» **SOURCE RECORDS**:
[Start of Attachment]

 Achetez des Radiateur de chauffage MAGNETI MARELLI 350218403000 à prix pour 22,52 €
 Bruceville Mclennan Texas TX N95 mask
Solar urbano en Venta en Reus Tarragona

[End of Attachment]
[Start of Attachment]

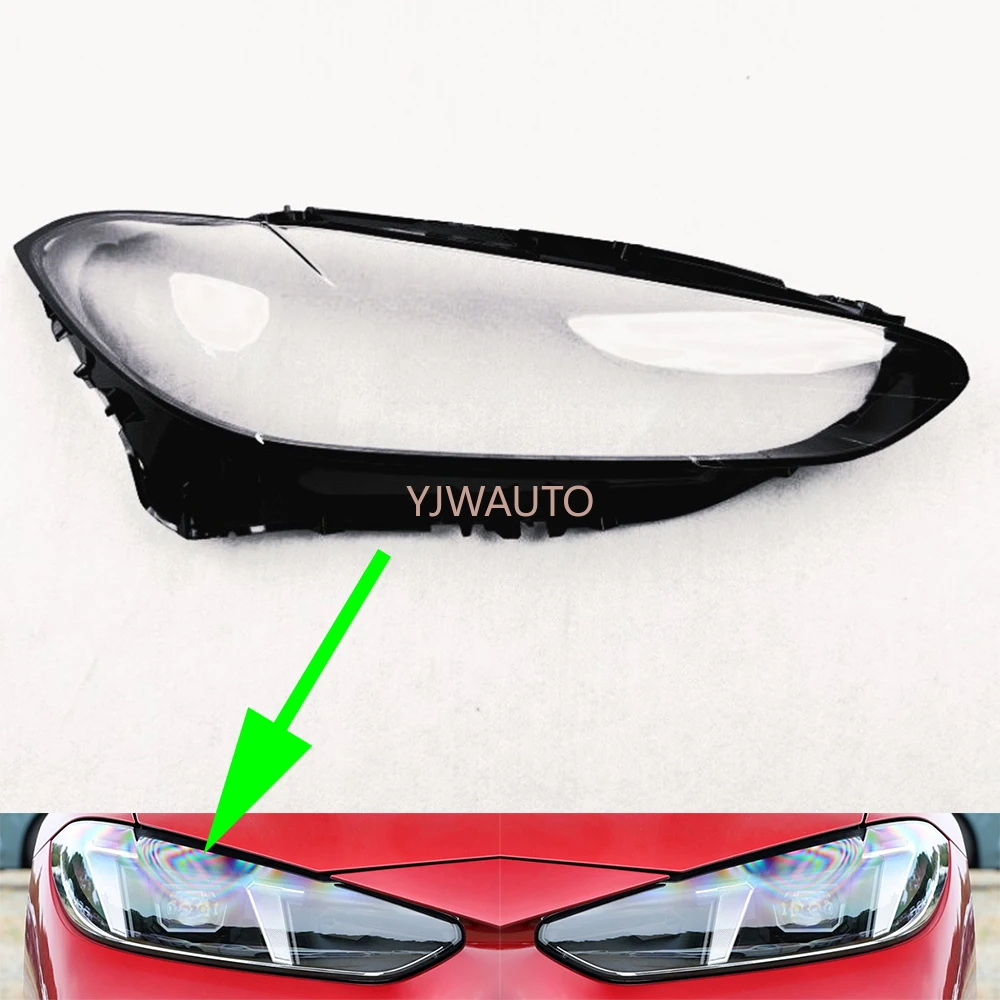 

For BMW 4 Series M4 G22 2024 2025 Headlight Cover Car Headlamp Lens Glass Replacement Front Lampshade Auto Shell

[End of Attachment]
[Start of Attachment]

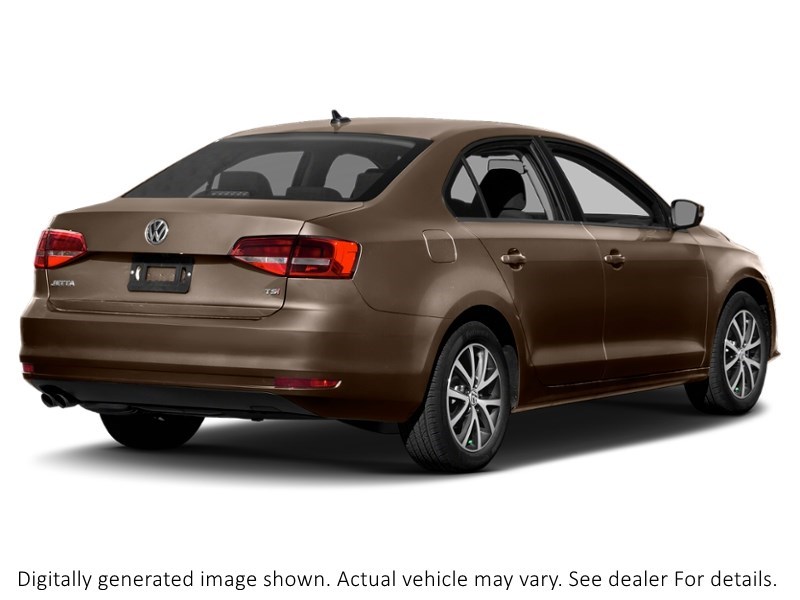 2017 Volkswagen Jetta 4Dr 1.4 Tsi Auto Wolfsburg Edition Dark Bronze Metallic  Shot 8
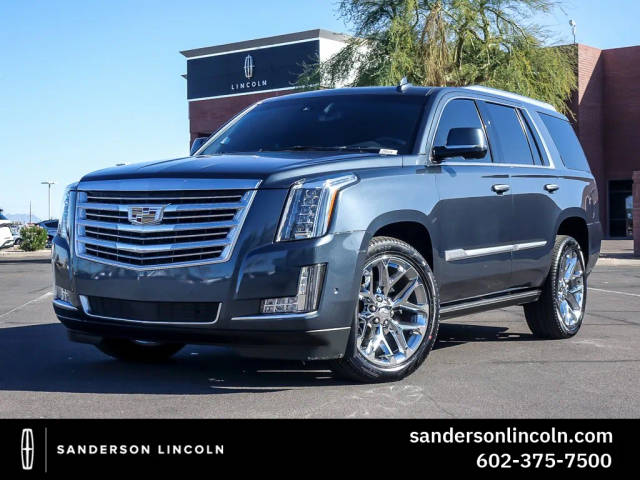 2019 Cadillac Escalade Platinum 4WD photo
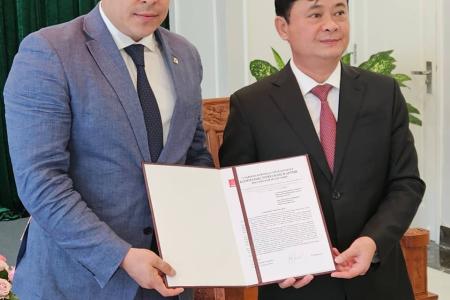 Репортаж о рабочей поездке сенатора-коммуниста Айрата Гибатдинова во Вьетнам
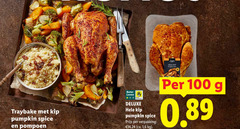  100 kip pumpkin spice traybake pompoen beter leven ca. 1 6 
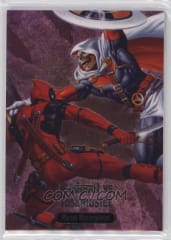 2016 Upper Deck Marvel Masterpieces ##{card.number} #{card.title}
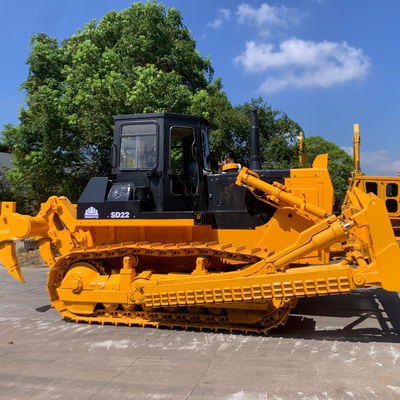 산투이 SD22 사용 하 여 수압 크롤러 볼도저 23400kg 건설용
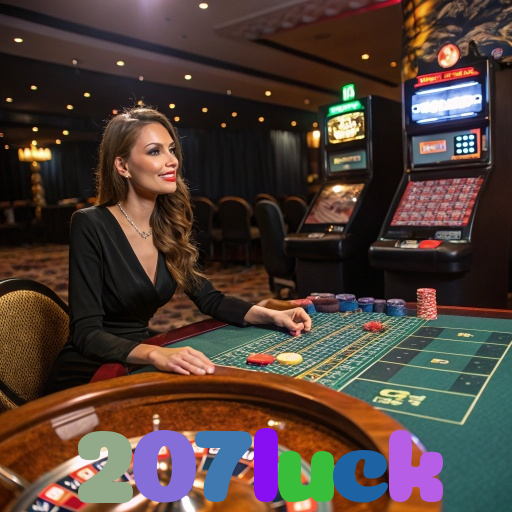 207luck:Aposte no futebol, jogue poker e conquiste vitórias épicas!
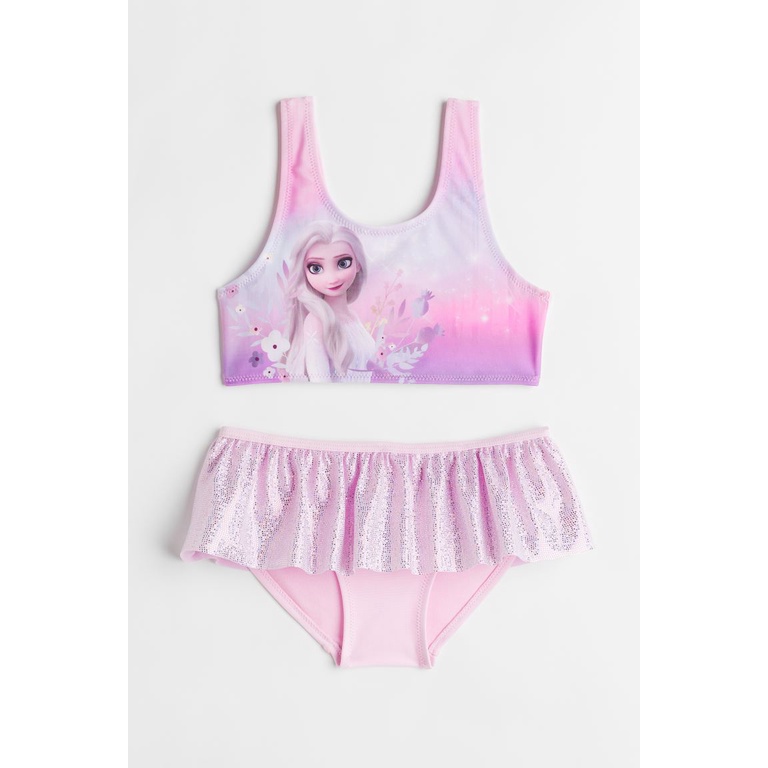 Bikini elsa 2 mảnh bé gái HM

[End of Attachment]

» **PROBLEM**: Within the entries above, give again exactly the lines starting at the one that contains "2019 Cadillac Escalade Platinum 4WD photo" and ending at the one that contains "Bikini elsa 2 mảnh bé gái HM", leaving out the pictures.

» **OUTPUT**:
 2019 Cadillac Escalade Platinum 4WD photo
 Репортаж о рабочей поездке сенатора-коммуниста Айрата Гибатдинова во Вьетнам
  100 kip pumpkin spice traybake pompoen beter leven ca. 1 6 
 2016 Upper Deck Marvel Masterpieces ##{card.number} #{card.title}
 산투이 SD22 사용 하 여 수압 크롤러 볼도저 23400kg 건설용
 207luck:Aposte no futebol, jogue poker e conquiste vitórias épicas!
 Bikini elsa 2 mảnh bé gái HM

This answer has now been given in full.